== Segment start ==

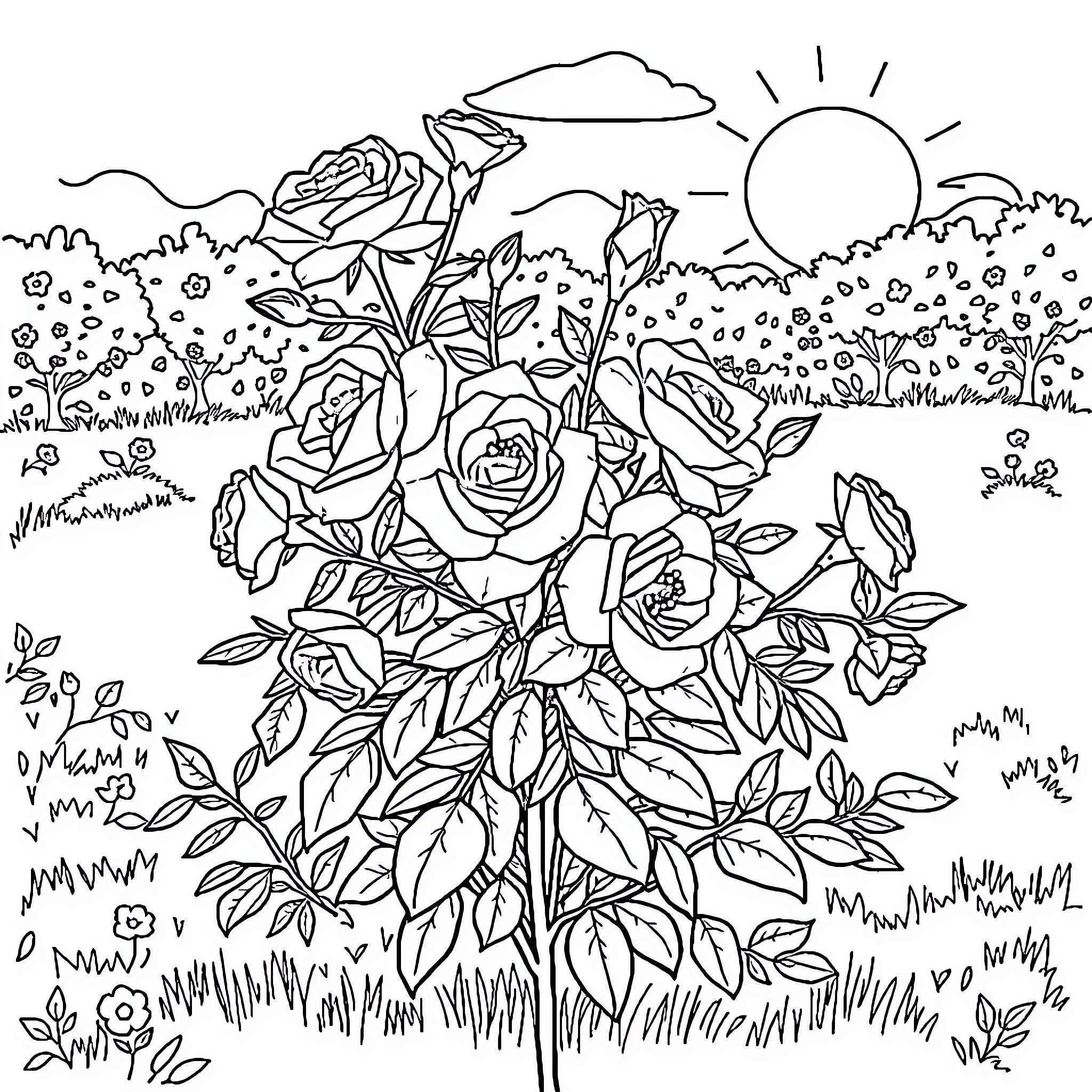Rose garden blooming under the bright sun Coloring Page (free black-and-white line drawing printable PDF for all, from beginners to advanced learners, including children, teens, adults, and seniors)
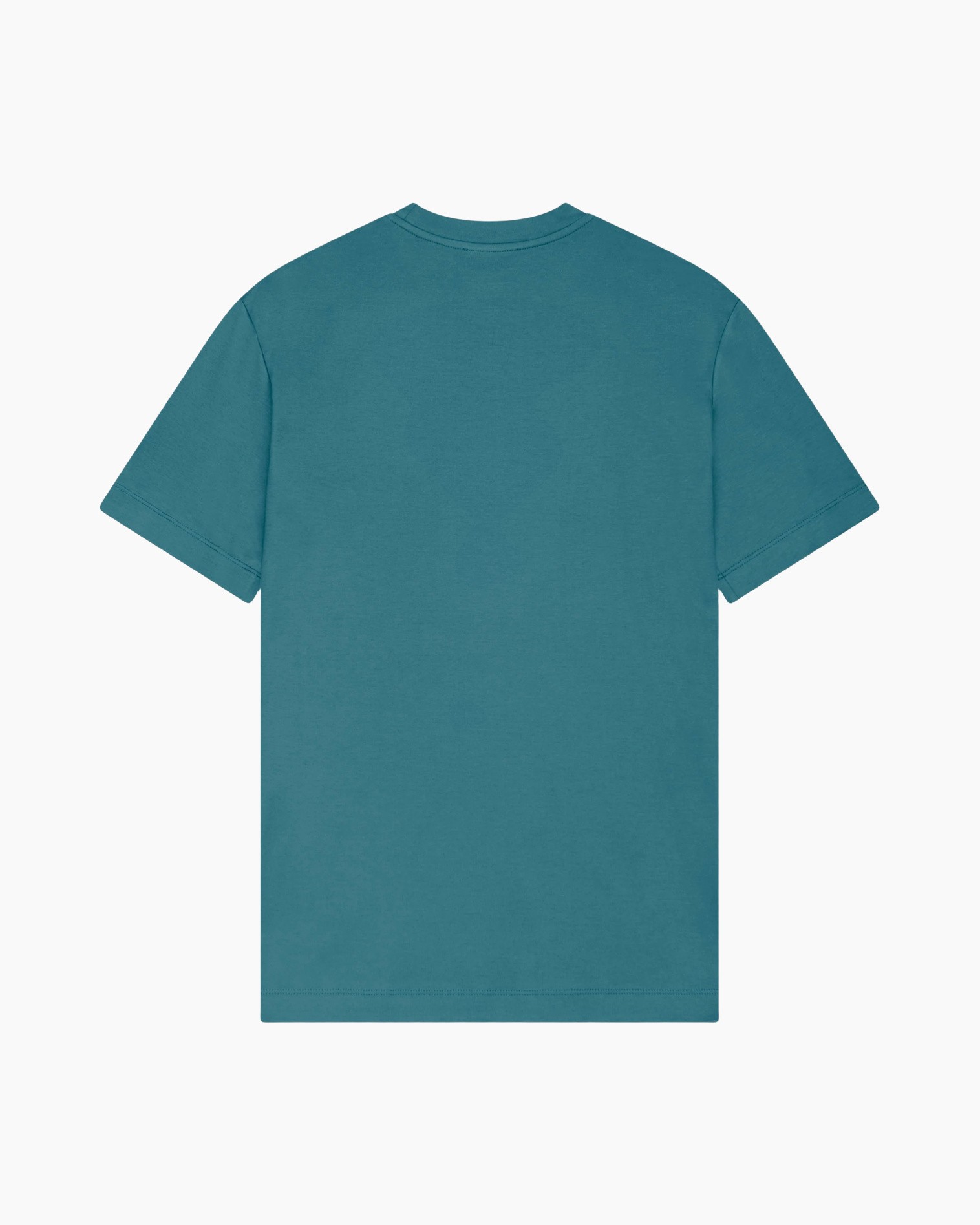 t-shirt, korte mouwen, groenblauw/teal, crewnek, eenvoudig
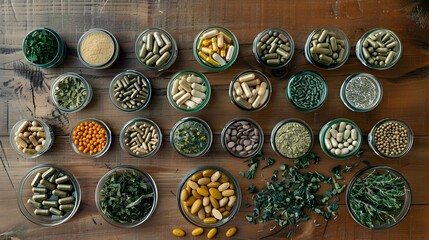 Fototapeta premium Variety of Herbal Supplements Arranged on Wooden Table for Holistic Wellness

== Segment end ==

• **Task to carry out**: Although the material contains pictures, only the lines are to be written out, exactly as they stand.

• **Output for this exercise**:
Rose garden blooming under the bright sun Coloring Page (free black-and-white line drawing printable PDF for all, from beginners to advanced learners, including children, teens, adults, and seniors)
 t-shirt, korte mouwen, groenblauw/teal, crewnek, eenvoudig
 Fototapeta premium Variety of Herbal Supplements Arranged on Wooden Table for Holistic Wellness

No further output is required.